At which point everything gets ridiculous. He's picked up by a one-armed man named Flash (Joe Pantoliano) on the hunt for a guy named Harry James. James is a fed that's gone missing after some sort of deal went wrong. They get ambushed, Flash gets killed, and Boomer only survives because one of the killers (played Andre Braugher) spares him at the behest of his cousin, who objects to killing an innocent schmuck.
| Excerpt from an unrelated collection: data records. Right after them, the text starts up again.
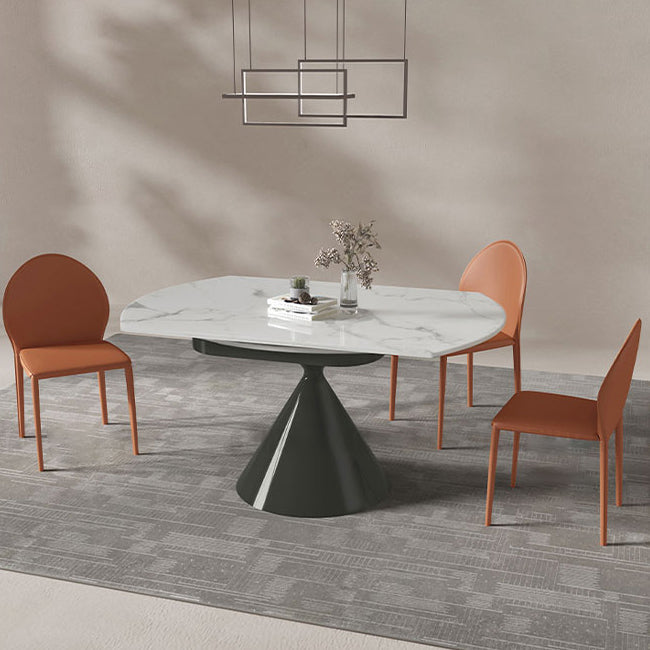 Hedendaagse faux lederen armloos eet- en accentstoelen voor thuis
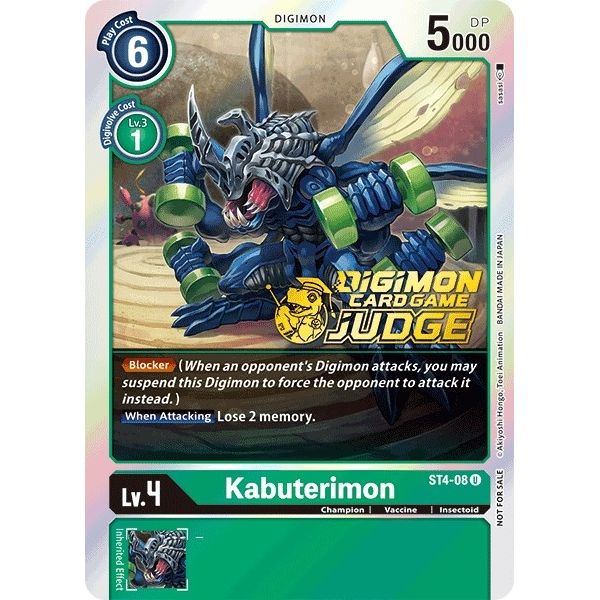 Image for Kabuterimon - ST4-08 (Judge Pack 1) (ST4-08 U) (ST-4) - Digimon Card Game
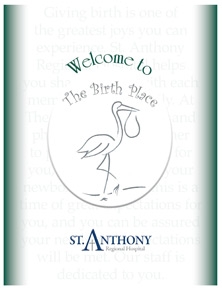 St. Anthony Regional Hospital Birth Place brochure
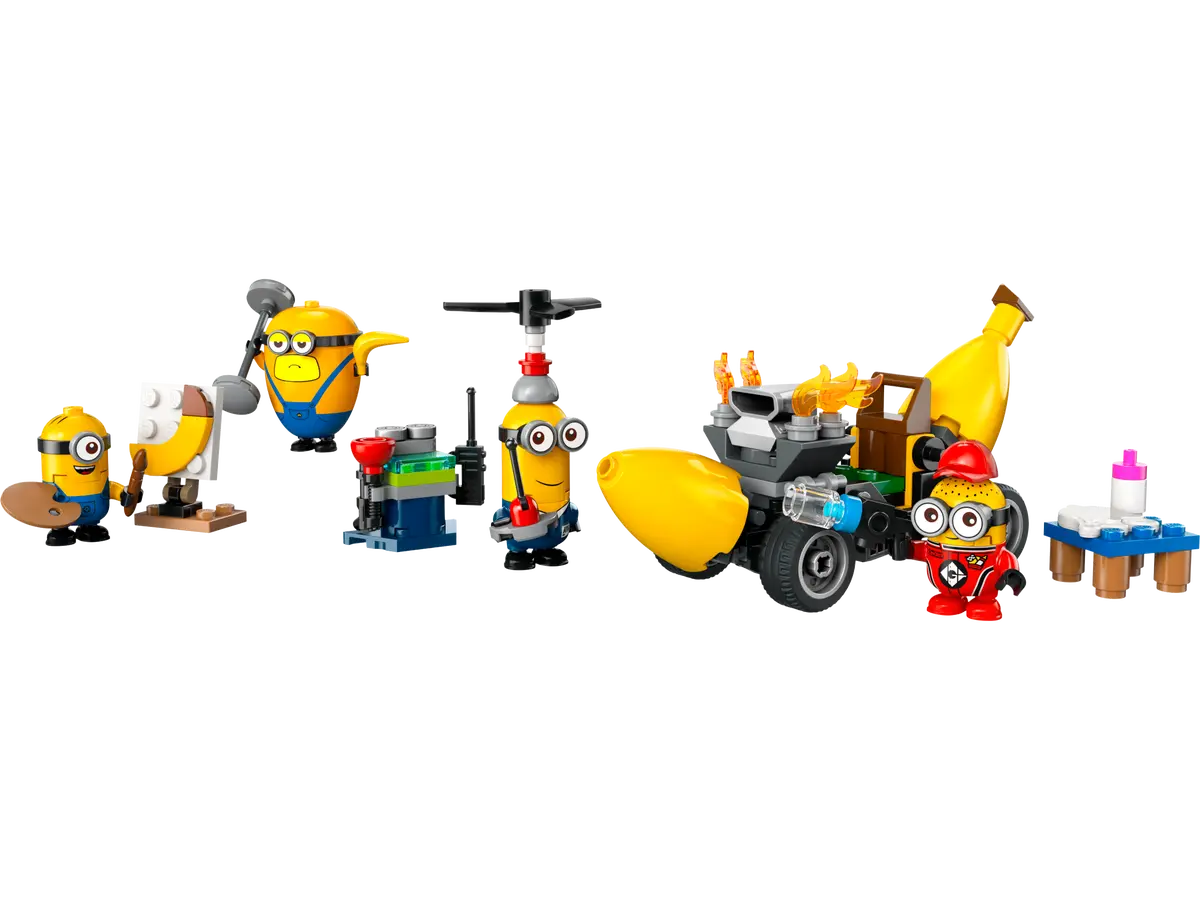 LEGO Minions 75580 - I Minions e l’auto banana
When Boomer wakes up, he's back in Flash's car, but now it's being driven by the mother of Harry's kid, who contacted Flash in the first place and thought Boomer sounded like Harry over the phone. She has Boomer contact some blind slob Harry knew, pretending to be Harry to get a bead on where he's supposed to be, and from then on, it's everyone trying to kill Boomer because they think he's Harry. The feds show up, led by Lou Diamond Phillips as an alcoholic bent fed who probably invokes "national security" to get his drinks for free.
Absolutely stunned when IMDb said this movie was from 2000. Felt at least ten years older. So many guys with machine pistols, just spraying bullets everywhere and hitting nothing. Gratuitous cursing. Guys leaping backwards while firing their guns or trying to slide backwards while shooting. The girlfriend getting shot, just because.
Sometimes it feels like it's trying to be funny. The movie starts with Boomer about to go undercover at some sort of drug or gun meet. As in, it's going to happen in a few minutes, and the other two cops are still giving him advice like, "Curse more", and, "If you don't know what to do with your hands, scratch your balls. No one ever looked at a guy scratching his balls and thought that guy was nervous."
At another point, Boomer is on the run from the local hick cops after he accidentally shot the sheriff at the tail end of a gunfight in the local grocery store. He collapses in some old boy's shed, and the guy waves a shotgun, telling Boomer to leave. When Boomer pleads with him not to shoot that thing (because all the deputies are outside), the guy fires into the air, inciting the cops to open fire, killing the old boy and causing a fire that burns down the shed.
Braugher's character really wants to kill Boomer, but objects to the others prolonging the suffering, and they end up as, I don't even think they're uneasy allies. Boomer doesn't give a shit by then. Braugher's kind of manic in this, but it makes him more interesting than anyone else, since the rest of the cast are playing variations on "emotionally constipated hard man."
Also, I'm not if Boomer is meant to be read as autistic, or OCD or something. He does this thin after stressful situations where he taps one side of his head with two fingers. When pressed if he's nervous, he always mechanically replies, "Nobody's nervous." His watch is set to go off at meal times, which he announces like, "9:00. Breakfast time. Breakfast time is 9:00." It was an odd performance, because he seems like he's just out of it for long stretches. Maybe that's all the concussions from getting knocked out.
2 comments:
Your description makes this film seem amazing.
Definitely not my intent, but maybe I wasn't on the film's wavelength.